Thanks for confirming that my first impression was the correct one!
The trick is that every take off is different and so it is hard to get an intuitive feeling for what is right and what is wrong.
Due to variations in the aircraft weight and environmental factors such as temperature, pressure, and wind component, a take-off from a particular runway may be limited by the length of the runway, the ability of the brakes to absorb energy during an abort, or obstacles many miles away on the take-off flight path. A take-off at max thrust, that gives good acceleration, may be closer to whatever the limit is than a very reduced thrust take-off that has you trundling down the runway like granddad going for a Sunday drive.

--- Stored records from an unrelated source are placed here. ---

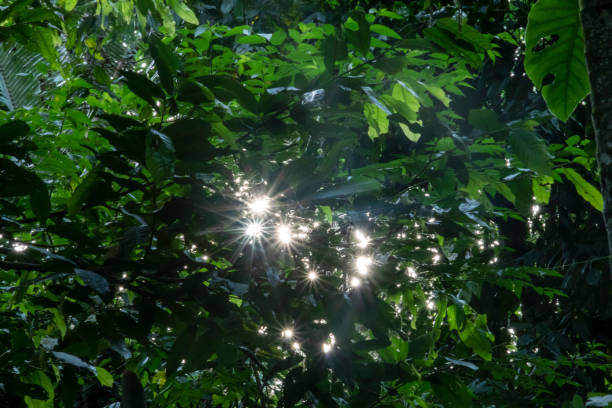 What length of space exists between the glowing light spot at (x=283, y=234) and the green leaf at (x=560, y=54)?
63 centimetres

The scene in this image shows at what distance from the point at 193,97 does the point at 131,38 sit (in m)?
2.60

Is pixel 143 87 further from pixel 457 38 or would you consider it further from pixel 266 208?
pixel 457 38

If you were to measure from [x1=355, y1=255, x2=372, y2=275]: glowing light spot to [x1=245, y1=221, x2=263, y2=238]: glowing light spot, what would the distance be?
28cm

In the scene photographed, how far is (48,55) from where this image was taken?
4.35 feet

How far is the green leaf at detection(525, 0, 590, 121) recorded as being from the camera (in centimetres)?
93

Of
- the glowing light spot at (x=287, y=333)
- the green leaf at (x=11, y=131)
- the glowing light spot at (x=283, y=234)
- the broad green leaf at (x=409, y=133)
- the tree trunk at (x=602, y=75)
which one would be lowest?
the glowing light spot at (x=287, y=333)

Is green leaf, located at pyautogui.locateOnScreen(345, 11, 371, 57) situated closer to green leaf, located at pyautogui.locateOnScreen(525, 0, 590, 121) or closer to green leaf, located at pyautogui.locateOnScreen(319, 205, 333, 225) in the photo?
green leaf, located at pyautogui.locateOnScreen(525, 0, 590, 121)

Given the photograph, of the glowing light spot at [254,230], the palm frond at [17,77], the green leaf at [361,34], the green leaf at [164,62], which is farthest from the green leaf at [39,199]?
the palm frond at [17,77]

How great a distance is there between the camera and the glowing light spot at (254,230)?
1088 mm

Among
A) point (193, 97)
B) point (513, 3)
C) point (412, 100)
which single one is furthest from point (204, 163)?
point (513, 3)

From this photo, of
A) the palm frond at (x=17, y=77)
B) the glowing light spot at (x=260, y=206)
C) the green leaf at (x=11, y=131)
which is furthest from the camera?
the palm frond at (x=17, y=77)

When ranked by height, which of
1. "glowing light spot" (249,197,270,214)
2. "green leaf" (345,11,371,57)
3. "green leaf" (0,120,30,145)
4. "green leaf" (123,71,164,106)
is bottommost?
"glowing light spot" (249,197,270,214)

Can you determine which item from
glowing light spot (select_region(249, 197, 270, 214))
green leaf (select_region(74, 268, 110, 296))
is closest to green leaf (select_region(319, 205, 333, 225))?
glowing light spot (select_region(249, 197, 270, 214))

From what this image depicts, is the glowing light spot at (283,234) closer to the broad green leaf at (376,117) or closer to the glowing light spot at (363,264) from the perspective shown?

Another factor is that, unless you’ve suffered an engine failure, or had to abort the take off at high speed, or made a gross error, you may never know that a take-off didn’t achieve the necessary performance. The take-off performance is designed to account for a significant failure during the take-off. If there is no failure then the extra performance you get will tend to mask all but the grossest of input errors.
An Emirates A340 came very close to crashing during take-off from Melbourne, Australia, because the First Officer inadvertently used 262.9 tonnes for the aircraft weight in the performance calculation instead of 362.9 tonnes. A whole 100 tonne error and yet they still managed to take off without losing anything other than their jobs.
https://www.atsb.gov.au/media/3531728/ao2009012_full%20report.pdf#page23
Realistically you need a computer system that can compare expected performance with actual performance.
I read somewhere (Freakonomics, I think), that closing LGA would actually reduce delays at the other New York area airports. It seems counter intuitive that having fewer runways would actually improve air traffic, but apparently the problem is that the approach to LGA crosses the approach to JFK (I don’t recall if it affects EWR as well). So ATC can’t land as many planes at JFK per hour as they’d otherwise be able to, because they have to allow for separation from planes landing at LGA. If LGA closed, traffic could flow to the other NYC airports much more efficiently.
But you’d never be able to get public support for closing LGA, because it’s the most convenient airport for high value business travelers in Manhattan traveling to the airport by taxi or car service.
My home base has a 6300’ runway. We fly a variety of A320/A321s. On a standard day with no rain or wind and taking off towards the hills, all our variants can take at least a full load of cargo and passengers plus 10 tonne of fuel. We occasionally run into limits on full international flights when we may be wanting to take more fuel. So it’s something that needs consideration but it is rarely limiting. Singapore flies their A350s out of here as well, I’d expect they’d be very limited.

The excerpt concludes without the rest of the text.